At a July 12 Humboldt County Board of Supervisors meeting, incoming Nordic Aquafarms CEO Brenda Chandler sought to reassure the board after the sudden and unexplained departure of previous Nordic CEO Erik Heim. “I’m still getting up to speed on all the aspects for California but I still have a great team behind me," Chandler said.
Well, if that's the case, then the team behind Nordic's CEO du jour must have changed substantially since late 2018 when Bent Urup, the world's foremost aquaculture designer, engineer, operator and entrepreneur told me in his Fredericia, Denmark office that the team Nordic had assembled for its then $500 million Belfast, Maine project simply wasn't up to snuff.
Chandler further told the Board of Supervisors Nordic has “worked on some very large projects on the East Coast,” but this is simply false. Nordic has "worked" only one east-coast project - that of my hometown of Belfast, Maine - and and in five years of pursuing that project, that "work" has included not one day of actual construction. Putting it kindly, that miserable track record is enough to discourage any would-be investor, especially in an industry that is suffering low prices for its salmon product and considerable pandemic-era salmon price fluctuation.
Chandler also said Nordic has an east-coast “employee on the ground.” Are we to be reassured by Nordic having one employee on the ground for a project of a pre-pandemic $500 million? This is the managerial equivalent of hiring a security to watch the place - day shift only.
Meanwhile, the Humboldt County Planning Commission will hold a July 28 meeting on Nordic's permit application. According to the Mad River Union, Planning Director John Ford said the main issues to be addressed will include carbon emissions, truck traffic, and preventing fish escape.
Well, having covered Nordic in Maine for more than four years, I hope your planning commission isn't relying on Nordic information in its deliberations, as Nordic has, here in Maine, misled and outright lied about these issues and others.

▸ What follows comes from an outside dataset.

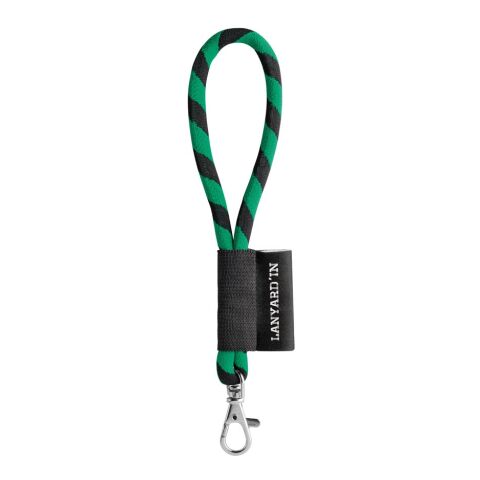 Werbeartikel Lanyard Tube Short Set. Standardmodelle | Schwarz-Grün | mit Logo bedrucken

Nordic's stated carbon emissions for Maine don't include having to dig up and truck off thousands of truckloads of earth to stabilize its construction site. This after declaring the site "perfect." And shockingly, this mirrors the same exact problem Nordic has had in its hometown of Fredrikstad, Norway, where its failure to properly assess its construction site caused its building to sink into the ground, likely causing structural damage to the buildings, likely causing Nordic to significantly reduce production levels, and even causing the company to at one point announce it would convert the operation into a research facility...only to later abandon that short-lived idea.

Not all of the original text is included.